Ukrainian Foreign Ministry spokesman Yevhen Perebyinis has commented on Moscow's request for Berlin's official position on statements made by Ukrainian Prime Minister Arseniy Yatsenyuk regarding "the Soviet invasion of Germany and Ukraine."

“We were surprised to learn about the intention by the Russian Foreign Ministry to receive a response to an interview by Ukrainian Prime Minister Arseniy Yatsenyuk in the German Foreign Office,” he wrote on his page on Facebook late on Jan. 9.

According to Perebyinis, “in such a case Russia should ask the opinion of many other European countries, to which the Soviet Union, after World War II, exported the totalitarian regime and suppressed any attempt of democratic changes.”

He said that Russia, through its interpretations of Yatsenyuk’s statements, only confirms “that the fact of the physical and ideological Soviet occupation of countries in Central and Eastern Europe, including East Germany, for modern Russia is the same normal phenomenon as the current occupation of Crimea and Donbas.”

“Yatsenyuk implied this and nothing else, while communicating with German journalists. And nobody but Russian journalists and diplomats started looking for another context in his words,” he said.

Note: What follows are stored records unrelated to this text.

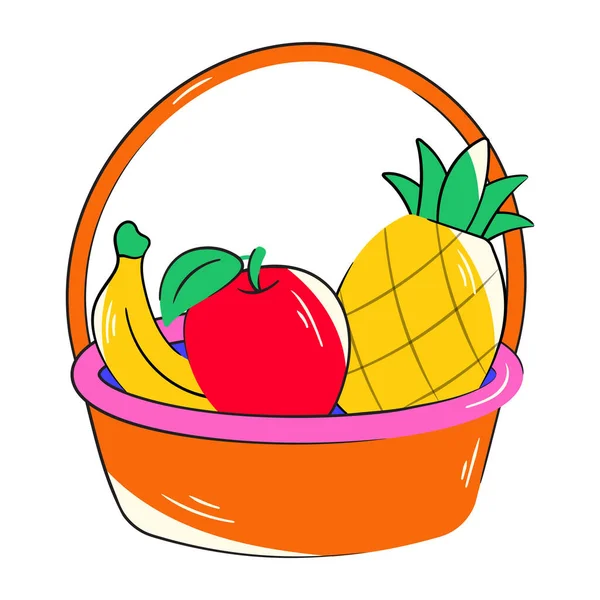 Frutas Verduras Frescas Vector Ilustración Diseño Gráfico — Archivo Imágenes Vectoriales
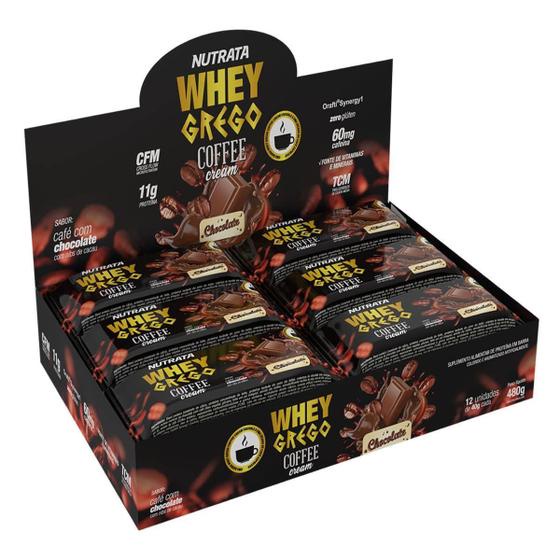 Grego Bar Sabor Coffee Chocolate Display c/12unid Nutrata – Whey Protein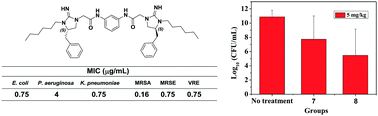 Graphical abstract: Novel bis-cyclic guanidines as potent membrane-active antibacterial agents with therapeutic potential
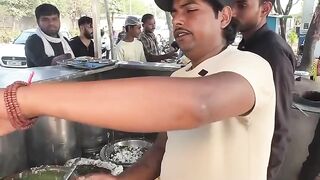 Street Food Making Chur Chur Nan Thali viral trending travel food foodlover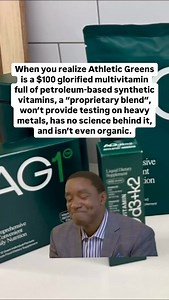 👉Comment GREEN for a far better alternative. What to look for: • supplements from real food ingredients • tested for metals / toxins - AG is shady about this • herbs / superfoods in dosages proven to benefit you • you should take supplements with a clear purpose The brand I take has a clinical dose of ashwaganda, plus detoxifying greens like chlorella. This amount of ashwaganda has been shown in studies to reduce cortisol, which may lower stress and food cravings. And there’s a great sale happe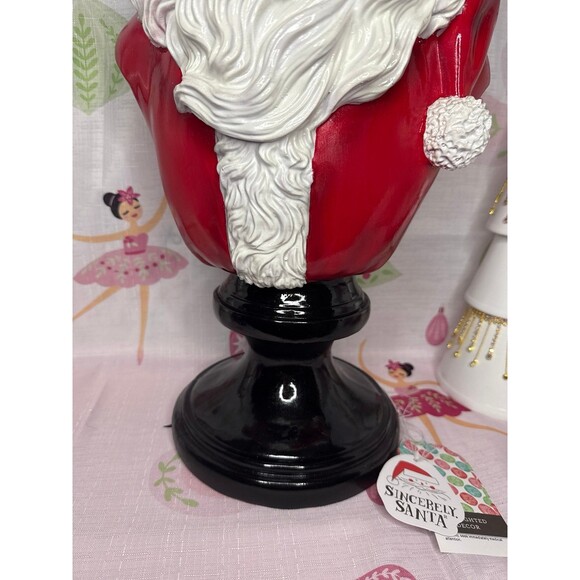 Viral Santa Blowing Bubblegum Bust Lightup - Picture 3 of 6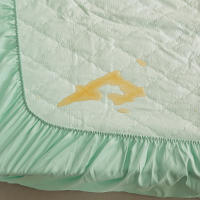 Sábana Protectora De Muelles Impermeable Y Antialérgica Con Patrón Cuadrado Para Cama Capa De Protección Contra Polvo Y Bacterias - details 2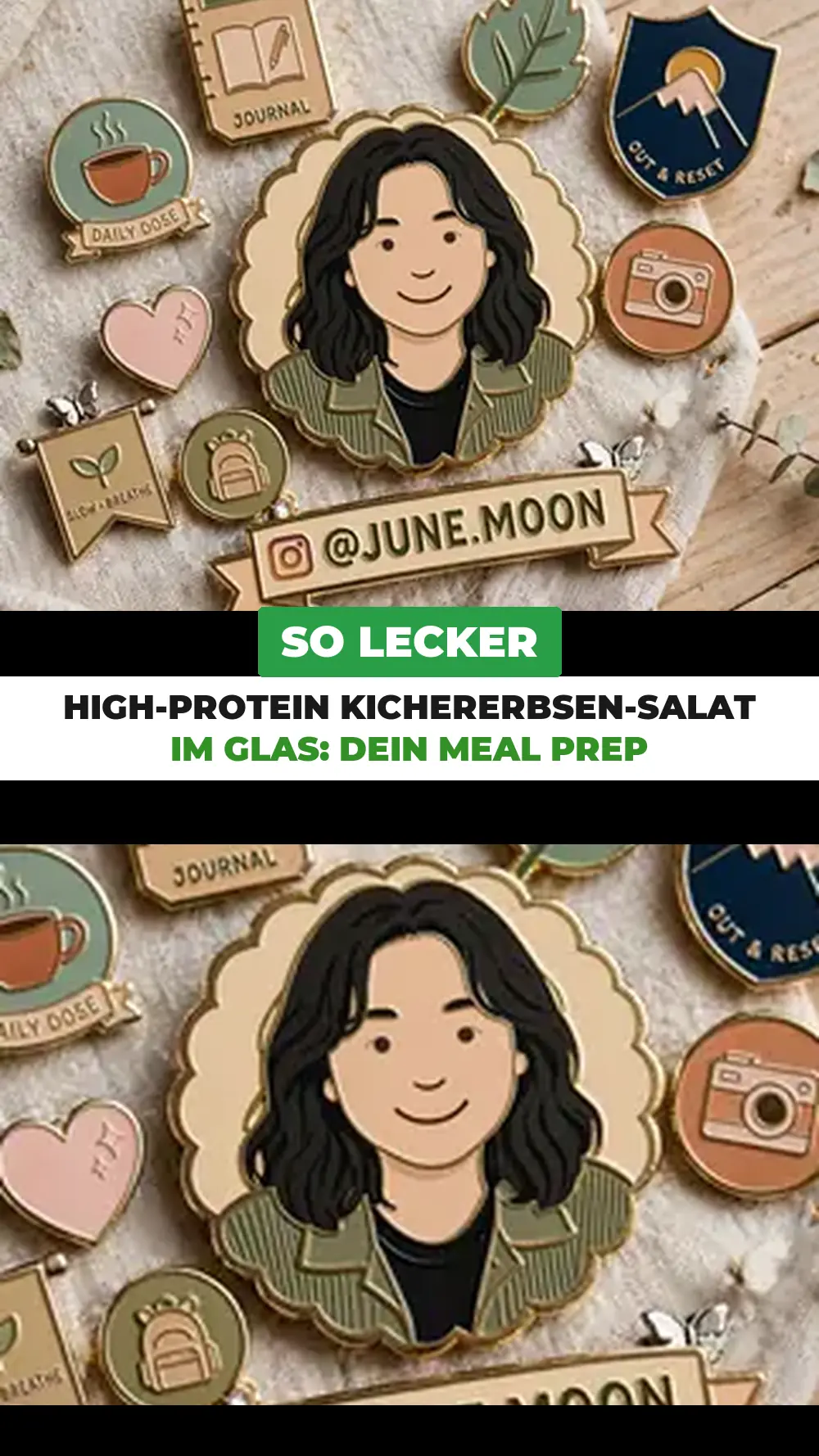 Save High-Protein Chickpea Salad Meal Prep Jars to Pinterest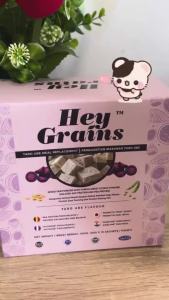 HeyGrains Taro Ube High Protein High Fiber Meal Replacement - Chia Seed Soy & Pea Protein Weight Management 50Gx10S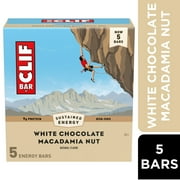 CLIF BAR - White Chocolate Macadamia Nut Flavor - Made with Organic Oats - 9g Protein - Non-GMO - Plant Based - Energy Bars - 2.4 oz. (5 Pack)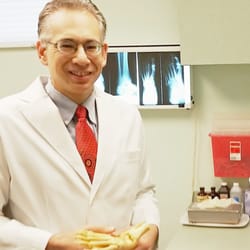 Friendly Foot Care - Dr. Nirenberg enjoying his day while treating his patients
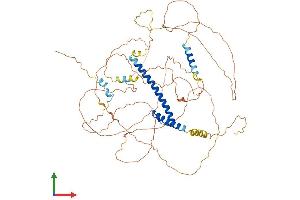 AlphaFold protein structure predicition of Mouse Recombinant Tcf3 Protein, UniprotID P15806
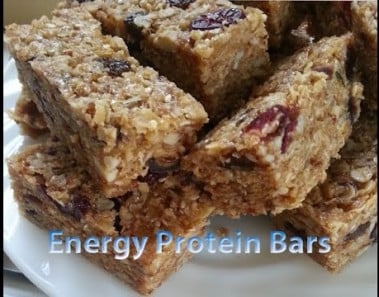 ENERGY Protein Bars … Athlete POWER … Delicious Vegan Vegetarian Recipe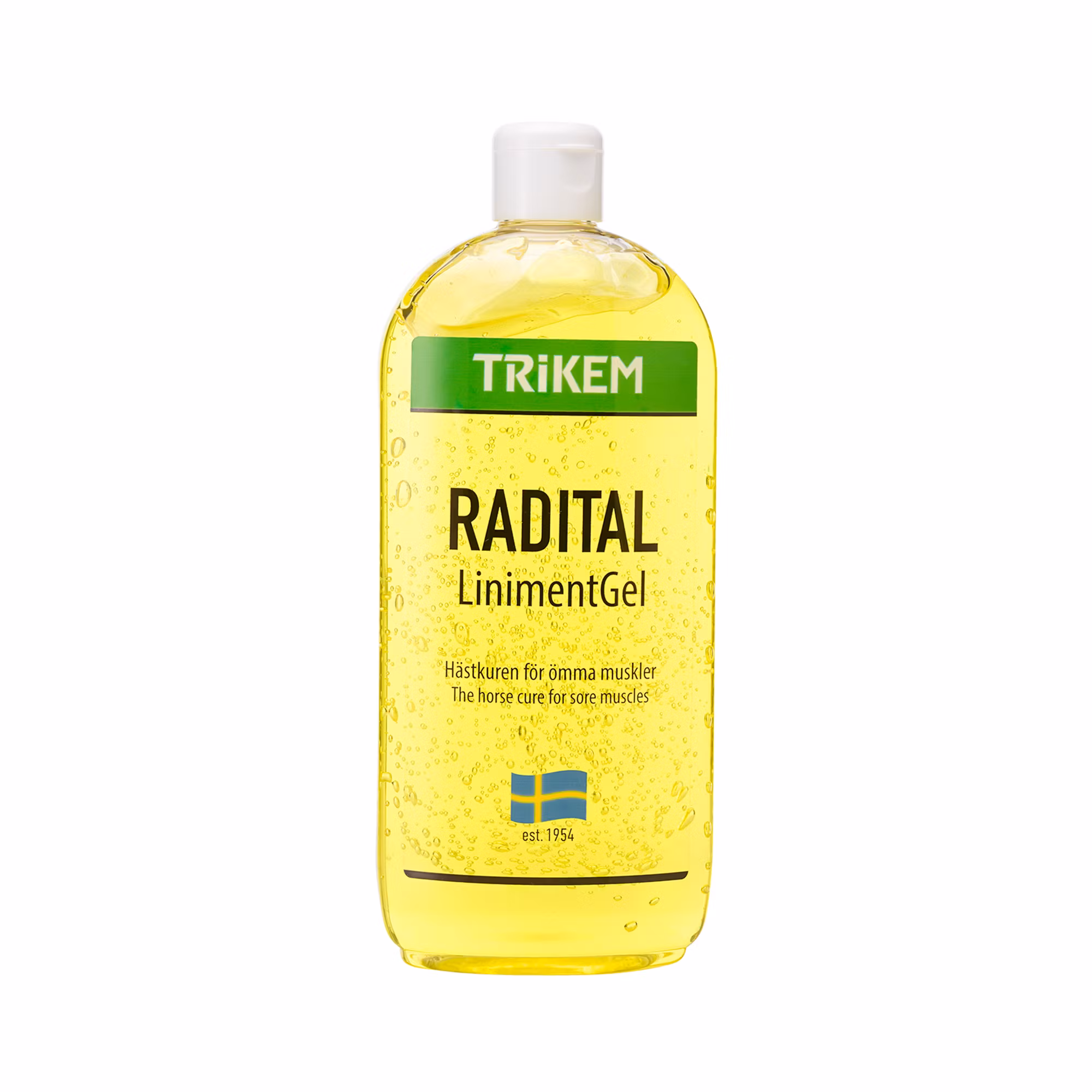 Sveriges mest sålda liniment, använt på djur och människor i över 60 år. Radital Liniment är ett effektivt, dubbelverkande liniment som lokalt verkar för att öka blodgenomströmningen, förkorta återhäm
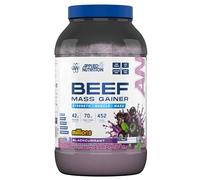 Applied Nutrition Beef Mass Gainer Protein Powder - 42g Beef Protein Isolate, High Calorie Weight Gainer Supplement, Lactose Free, Low Sugar (3.13kg - 25 Servings) (Blackcurrant Millions)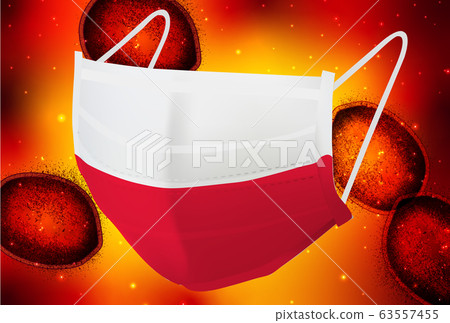 Polish Mask Corona Virus Polish Mask Corona Virus 63557455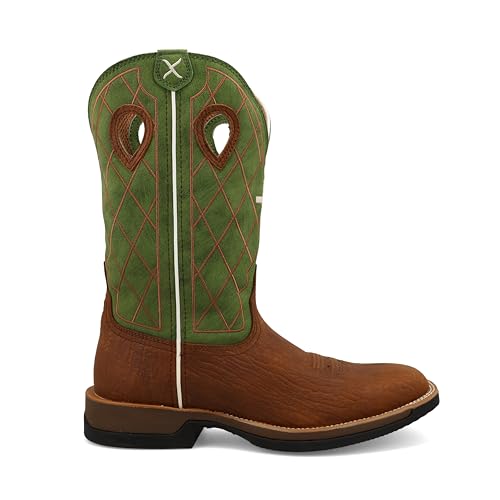 Image of Twisted X Men's 12 inch Tech X Boot, Wide Square Toe with CellStretch and Tech X
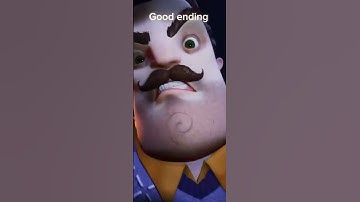 The good ending of hello neighbour 🥲🥲#helloneighbor #viral #like #subscribe#animation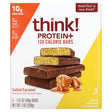 Protein+ 150 Calorie Bars, Salted Caramel, 5 Bars, 1.41 Oz (40 G) Each, Think !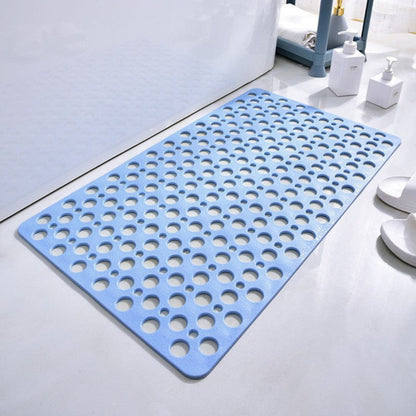 Secure Suction Shower Mat Antibacterial Slip Resistant Bath Mat For Seniors And Caregivers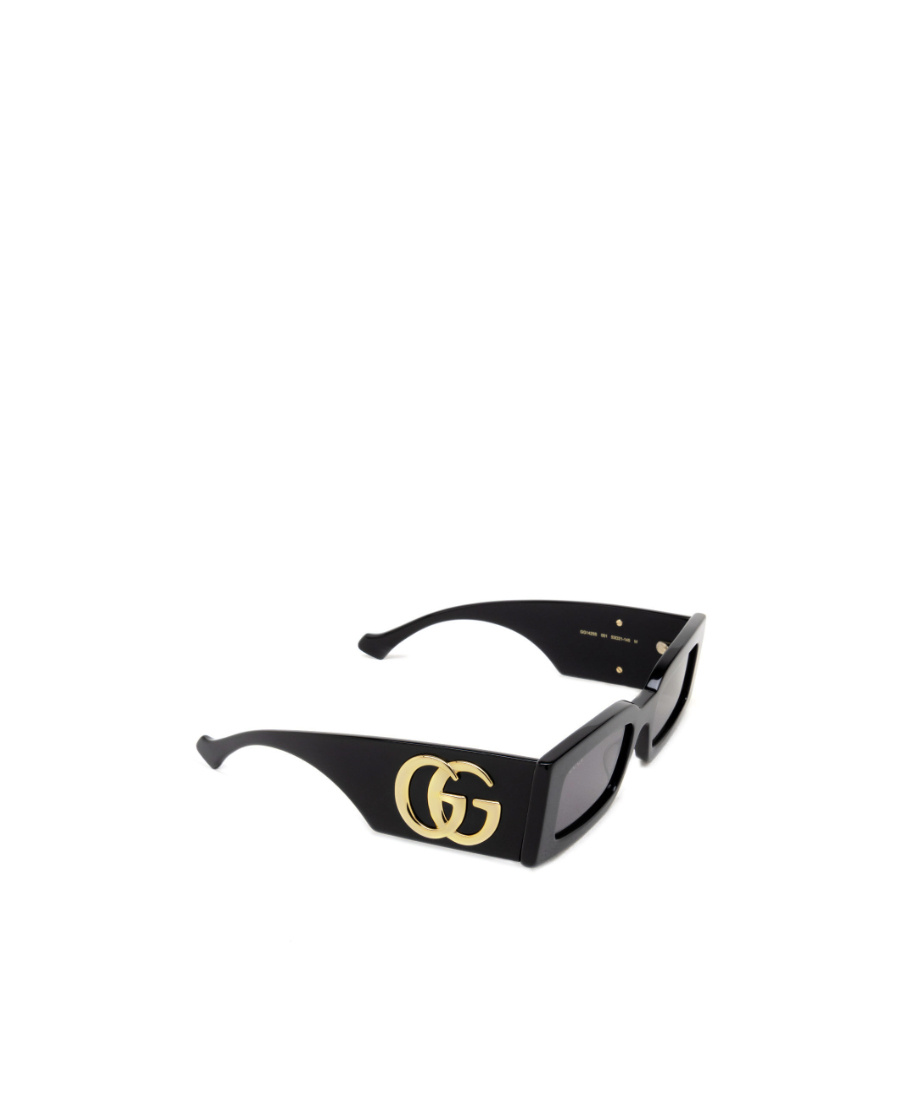 Gucci Gene Gg Rectangle-frame Sunglasses In Black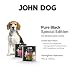 John Dog Hundefutter Känguru - Premium Getreidefreies Hundenassfutter mit 99% Fleisch - Monoprotein Nassfutter für ausgewachsene Hunde - Pure Black Special Edition 800g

He noted that it is Russian aggression in Ukraine that poses a major threat to fundamental European values and called on the civilized world “to stop Russia’s attempts to again reshape Europe under its own interests.”

“The main task of the whole civilized world is to stop Russia’s attempts to again reshape Europe under its aggressive interests, make it respect the territorial integrity and sovereignty of other states, and return to the civilized field of generally accepted international relations,” Perebyinis said.

As reported, on Jan. 9, Moscow requested Berlin’s official position on statements made by Yatsenyuk regarding “the Soviet invasion of Germany and Ukraine.”